BELGIUM : BELGIUM PROTESTS AT FRANCE'S REFUSAL TO ALLOW BELGIAN POLICE ENTRY INTO FRANCE TO PURSUE CRIMINALS
Record ID:
649443
BELGIUM : BELGIUM PROTESTS AT FRANCE'S REFUSAL TO ALLOW BELGIAN POLICE ENTRY INTO FRANCE TO PURSUE CRIMINALS
- Title: BELGIUM : BELGIUM PROTESTS AT FRANCE'S REFUSAL TO ALLOW BELGIAN POLICE ENTRY INTO FRANCE TO PURSUE CRIMINALS
- Date: 21st April 1995
- Summary: MENEN, ON BELGIAN-FRENCH BORDER (APRIL 21, 1995) (REUTERS) SV CARS CROSSING ONTO FRENCH TERRITORY 0.04 SV FRENCH AND BELGIAN FLAGS 0.08 SV FRENCH BORDER POLICEMAN STOPPING CAR AND CHECKING DRIVER'S DOCUMENTATION 0.30 YPRES BELGIUM (APRIL 21, 1995) (REUTERS) SV PRESS CONFERENCE 0.38 SV BELGIAN INTERIOR MINISTER JOHAN VANDE LANOTTE SAYING HE HAS COMPLAINED TO FRANCE ABOUT ITS DECISION (FRENCH) 0.59 SV CAMERA OPERATORS 1.01 SCU VANDE LANOTTE SAYING HE FEELS BETRAYED BY THE FRENCH (ENGLISH) 1.28 BRUSSELS, BELGIUM (APRIL 21, 1995) (REUTERS SCU BELGIAN MINISTER FOR EUROPEAN AFFAIRS AND HEAD OF SCHENGEN SECRETARIAT ROBERT URBAIN SPEAKING (ENGLISH) 2.00 SEQUENCE 8 transcript: URBAIN :"THEY'VE PROBABLY FORGOTTEN OR DIDN'T REALISE THAT WHEN THEY SIGNED THEY WOULD HAVE TO MODIFY SOME LAWS ON FRENCH REPUBLIC AND OF COURSE THEY ARE ACTUALLY NOT IN THE POSITION TO FULLY RESPECT THEIR AGREEMENT . THE SCHENGEN AGREEMENT" MENEN, ON BELGIAN-FRENCH BORDER, BELGIUM (APRIL 21, 1995) (REUTERS) SV VARIOUS OF CARS CROSSING ONTO FRENCH TERRITORY 2.11
- Embargoed: 6th May 1995 13:00
- Keywords:
- Location: MENEN, YPRES AND BRUSSELS, BELGIUM
- Country: Belgium
- Topics: Crime,General,Politics
- Reuters ID: LVAA6YL1BY7EBWBJ584LGJOXNJ53
- Story Text: Belgium formally protested to France on Friday (April 21) after its police were refused entry into France to pursue suspected criminals.

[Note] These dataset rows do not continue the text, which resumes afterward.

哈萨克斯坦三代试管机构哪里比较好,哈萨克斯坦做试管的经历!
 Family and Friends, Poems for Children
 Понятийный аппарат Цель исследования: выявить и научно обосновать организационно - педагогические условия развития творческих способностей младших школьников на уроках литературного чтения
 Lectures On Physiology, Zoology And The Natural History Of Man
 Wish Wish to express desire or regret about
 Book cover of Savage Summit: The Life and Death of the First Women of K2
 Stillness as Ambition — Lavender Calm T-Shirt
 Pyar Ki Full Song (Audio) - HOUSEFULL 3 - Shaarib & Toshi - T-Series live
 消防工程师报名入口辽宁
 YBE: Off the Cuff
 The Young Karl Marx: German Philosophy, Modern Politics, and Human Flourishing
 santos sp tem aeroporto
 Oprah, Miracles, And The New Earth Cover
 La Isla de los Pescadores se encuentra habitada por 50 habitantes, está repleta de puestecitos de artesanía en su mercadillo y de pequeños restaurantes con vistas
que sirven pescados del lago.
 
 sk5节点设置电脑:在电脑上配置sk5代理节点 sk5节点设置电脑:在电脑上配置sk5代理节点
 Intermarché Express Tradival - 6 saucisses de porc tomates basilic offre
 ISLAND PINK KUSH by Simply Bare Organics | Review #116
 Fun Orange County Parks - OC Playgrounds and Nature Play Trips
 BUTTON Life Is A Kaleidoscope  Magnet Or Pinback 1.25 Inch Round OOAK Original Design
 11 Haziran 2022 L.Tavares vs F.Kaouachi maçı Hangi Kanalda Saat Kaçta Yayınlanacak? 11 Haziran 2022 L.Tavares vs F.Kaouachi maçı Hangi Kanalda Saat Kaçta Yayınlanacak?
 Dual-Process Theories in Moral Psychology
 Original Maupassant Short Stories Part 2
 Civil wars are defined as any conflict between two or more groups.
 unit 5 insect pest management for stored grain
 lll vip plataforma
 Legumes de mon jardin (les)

Interior Minister Johan Vande Lanotte told a news conference he was sending a letter to his French counterpart Charles Pasqua to protest at France's unilateral violation of a European open-border convention.
He also said Belgium had suspended a 1964 agreement allowing French customs officials to enter Belgium and question suspected French drug smugglers.
"I hope that Pasqua will change his mind as soon as possible," Vande Lanotte said at a news conference in Ypres, where France and Belgium signed a police cooperation agreement in March.
The issue will be discussed at a ministerial meeting on April 28 in Brussels under the Schengen agreement, he added.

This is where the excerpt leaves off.